#### Your goal:
Reproduce word for word the lines between those holding "Vintage Skyway Suitcase (Seattle)" and "Best SaaS Websites with count", inclusive, and nothing else from the data below.

#### Stored data:
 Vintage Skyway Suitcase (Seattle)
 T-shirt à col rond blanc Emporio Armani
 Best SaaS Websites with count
* * *
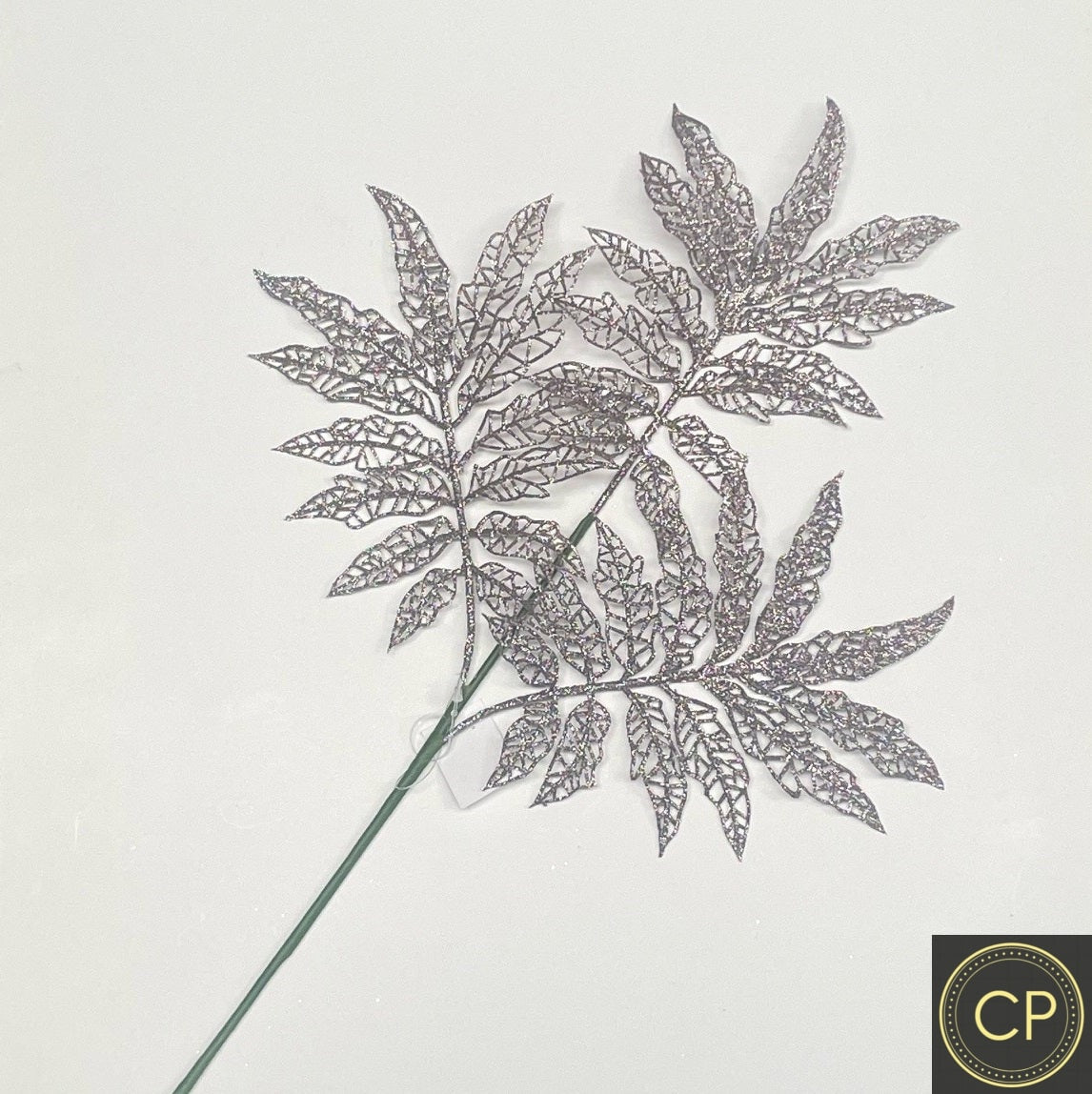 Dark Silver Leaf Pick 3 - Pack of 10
--
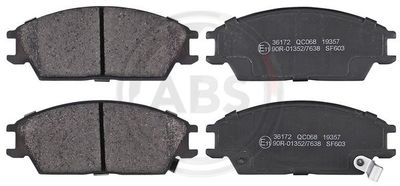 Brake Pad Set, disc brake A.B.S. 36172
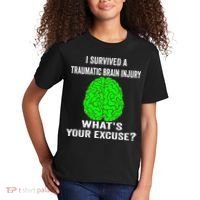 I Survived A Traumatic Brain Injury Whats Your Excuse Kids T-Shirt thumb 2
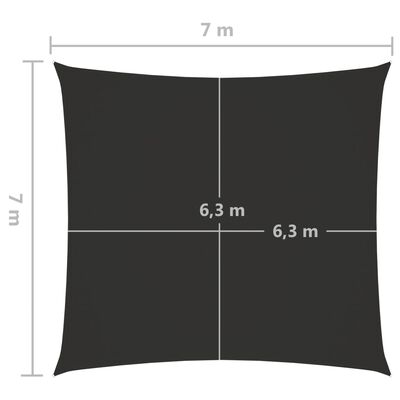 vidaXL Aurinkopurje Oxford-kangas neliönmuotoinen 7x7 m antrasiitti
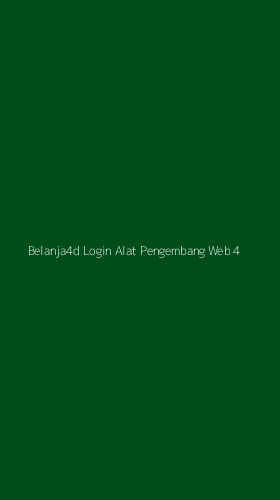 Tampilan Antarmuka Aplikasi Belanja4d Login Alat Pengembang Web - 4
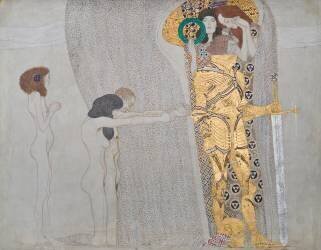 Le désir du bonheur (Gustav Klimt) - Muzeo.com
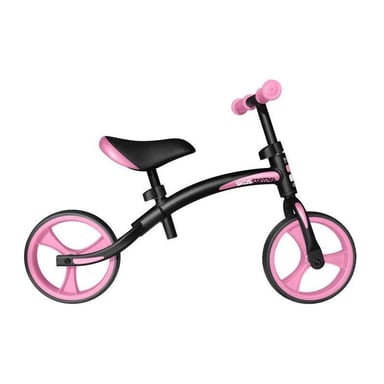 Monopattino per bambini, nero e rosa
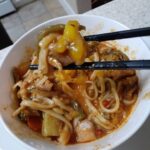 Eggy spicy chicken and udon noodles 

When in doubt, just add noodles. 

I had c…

#### Reply:
 Vintage Skyway Suitcase (Seattle)
 T-shirt à col rond blanc Emporio Armani
 Best SaaS Websites with count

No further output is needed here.